[Start of section]

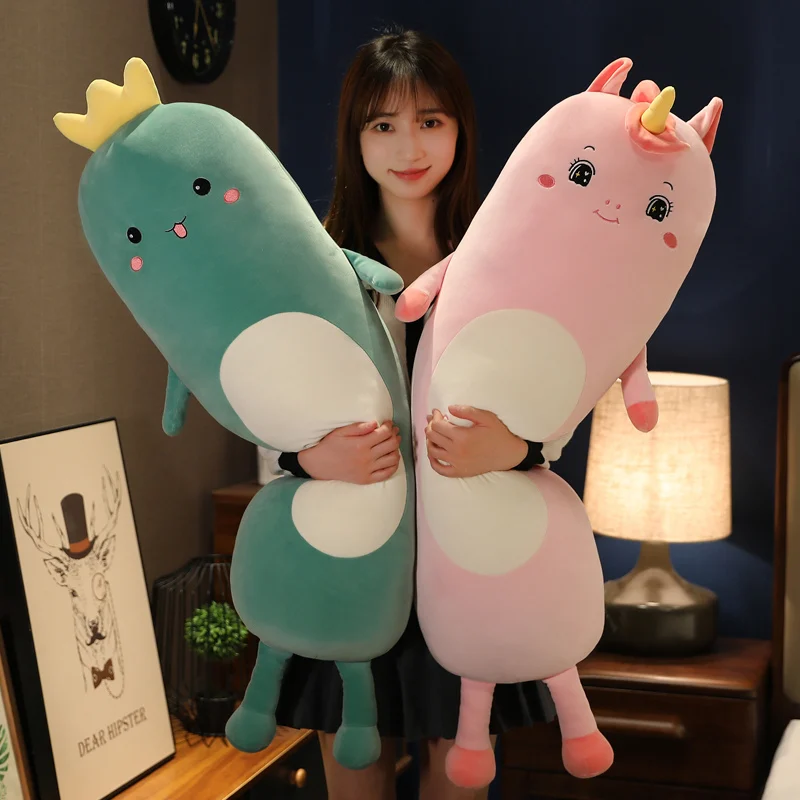 

New 100/130cm Cute Soft Long Dinosaur Unicorn Plush Toys Stuffed Pause Office Nap Sleep Pillow Cushion Gift Doll for Kids Girls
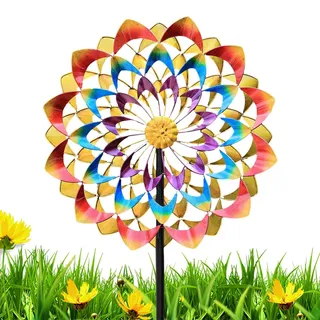 Windspinner Aus Metall | Windrad für Draußen Buntes | Metall Wetterfest Gartenstecker Windspiel Gartendeko | Windspiel Windmühle Blumenstecker Kinetische Skulptur für Den Außenbereich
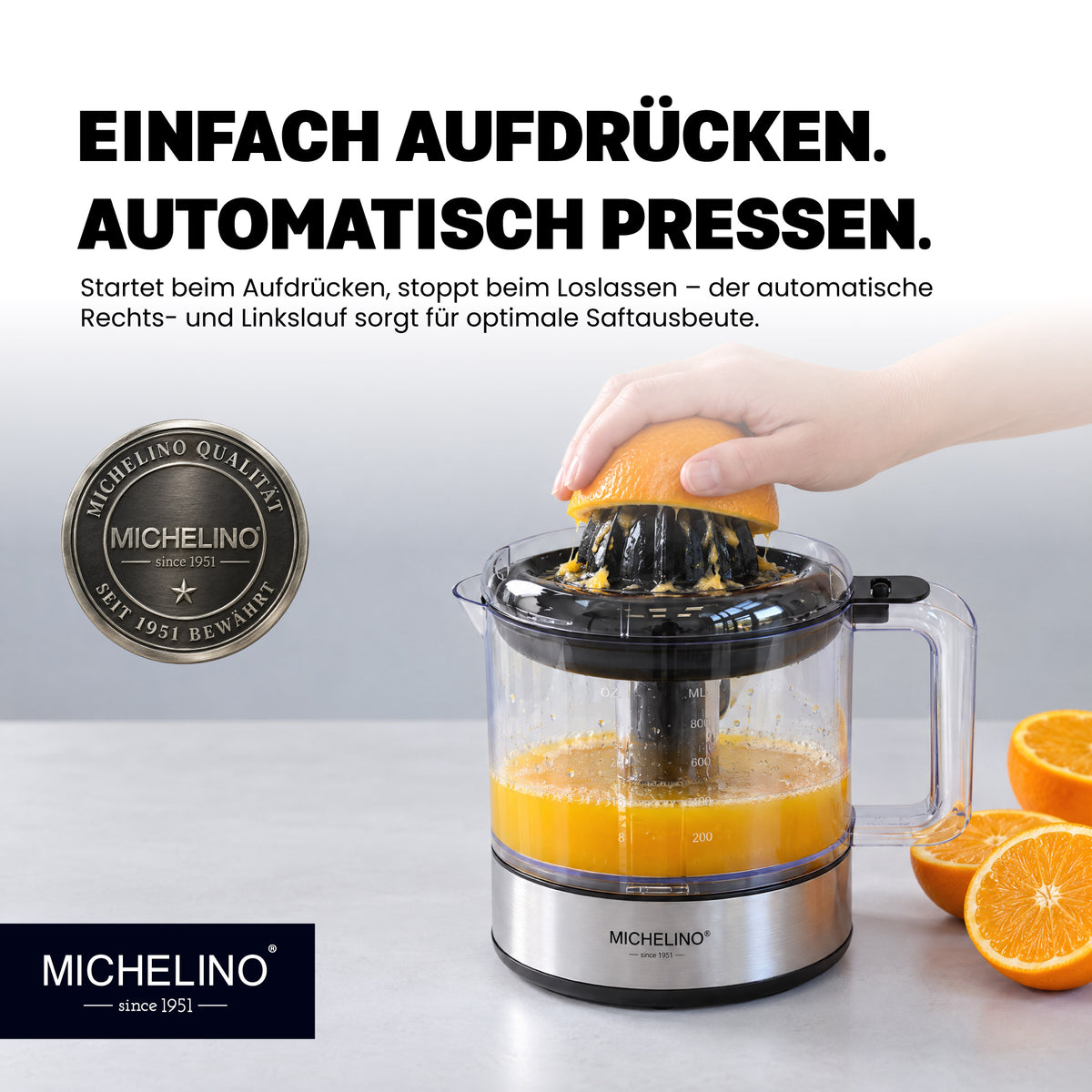 MICHELINO Elektrische Zitruspresse 1,0 Liter – 30W mit 2 Presskegeln & Aromaschutz – Ansicht 3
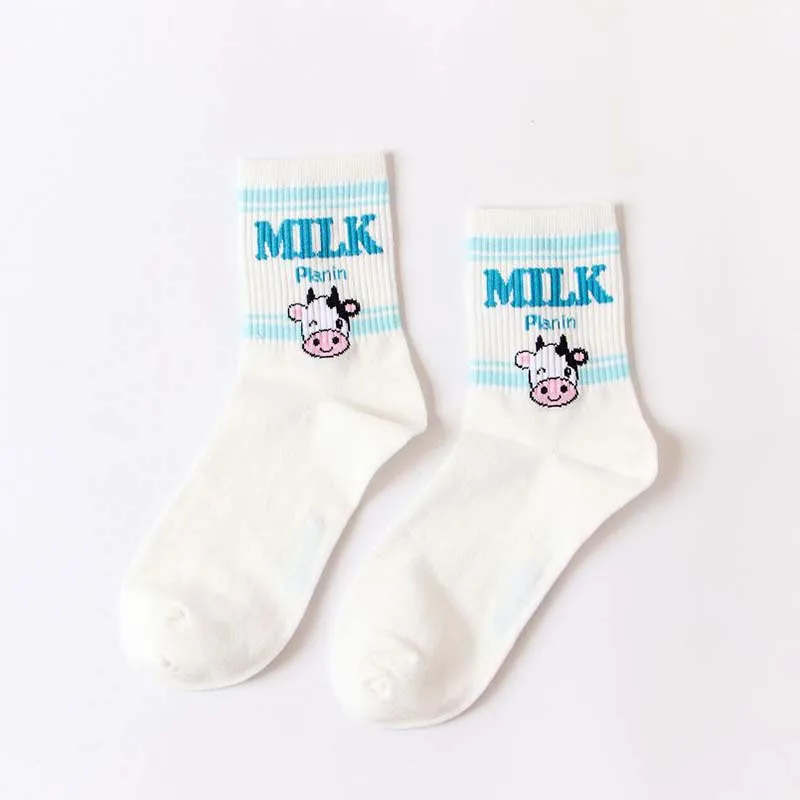[EIOISAPRA] Kawaii жаккардовые фрукты Клубника молоко мизинец/белый для женщин носки для девочек японский Harajuku забавные носки Calcetines Mujer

[End of section]

**Exercise objective**
Restate the listing word for word and drop the pictures.

**Solution to this task**
New 100/130cm Cute Soft Long Dinosaur Unicorn Plush Toys Stuffed Pause Office Nap Sleep Pillow Cushion Gift Doll for Kids Girls
 Windspinner Aus Metall | Windrad für Draußen Buntes | Metall Wetterfest Gartenstecker Windspiel Gartendeko | Windspiel Windmühle Blumenstecker Kinetische Skulptur für Den Außenbereich
 MICHELINO Elektrische Zitruspresse 1,0 Liter – 30W mit 2 Presskegeln & Aromaschutz – Ansicht 3
[EIOISAPRA] Kawaii жаккардовые фрукты Клубника молоко мизинец/белый для женщин носки для девочек японский Harajuku забавные носки Calcetines Mujer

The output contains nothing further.